Keputusan itu diumumkan oleh Alexis Kohler, seketaris umum istana kepresidenan Perancis.
Florence Parly, mantan eksekutif perusahaan kereta dan penerbangan Perancis, ditunjuk sebagai menteri pertahanan baru.
Hari Selasa, Sylvie Goulard mengumumkan pengunduran dirinya sebagai menteri pertahanan, dengan alasan itu akan "menunjukkan jelas" niat baikknya terhadap investigasi tuduhan penyalahgunaan dana Uni Eropa.

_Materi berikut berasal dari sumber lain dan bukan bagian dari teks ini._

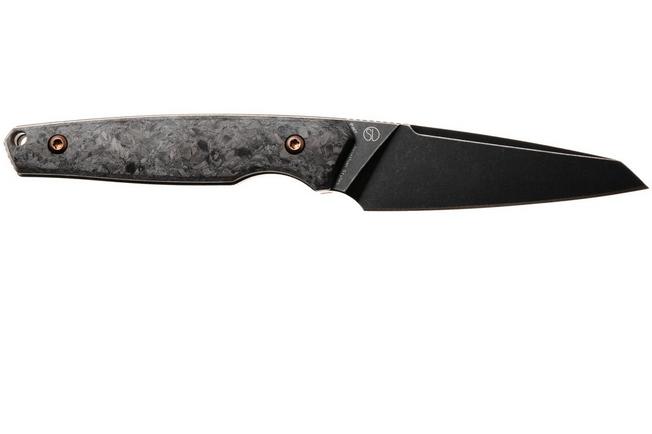 Afbeelding voor Kansept G011A1 Parr, Blackwashed, S35VN, Black Shred Carbon Fiber, vaststaand mes, Jonathan Styles design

Anggota Mahkamah Agung Nicole Belloubet diangkat menjadi menteri kehakiman setelah turunnya Francois Bayrou, pemimpin partai beraliansi tengah Democracy Movement (MoDem), dari jabatan tersebut.
Menteri dalam negeri Gerard Collomb, menteri ekologi Nicolas Hulot, menteri UE dan luar negeri Jean-Yves Le Drian, dan menteri ekonomi Bruno Le Maire tetap memegang posisi mereka.

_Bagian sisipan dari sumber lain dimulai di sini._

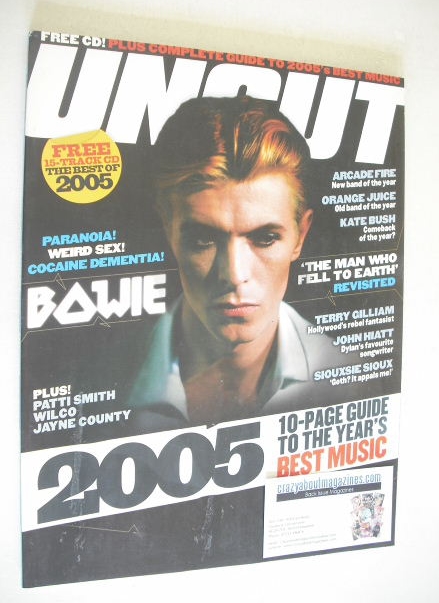 Uncut magazine - David Bowie cover (December 2005)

Setengah dari kabinet menteri yang berisikan 28 anggota tersebut adalah wanita.
Sebelumnya pada Rabu, Bayrou dan menteri urusan Eropa Mariella de Sarnez, melepaskan jabatan mereka atas tuduhan memalsukan jabatan kerja di Parlemen Eropa bagi asisten partai mereka.
Partai Bayrou bersekutu dengan partai presiden Perancis yaitu La Republique En Marche! (LREM) dan bermain peran penting dalam memenangkan Marcon dalam pemilu beberapa bulan lalu.
Sarnez termasuk dalam 19 representatif Perancis dalam parlemen Eropa yang menghadapi dugaan pelanggaran dalam merekrut asisten.
Pengunduran diri tersebut terjadi sebelum 'reshuffle teknis' yang dijadwalkan setelah pemilihan parlemen Minggu lalu dimenangkan oleh persekutuan LREM dan MoDem.
Kemenangan partai yang didirikan Macron itu memberikan mereka kekuasaan untuk membentuk pemerintahan dengan 308 anggota parlemennya.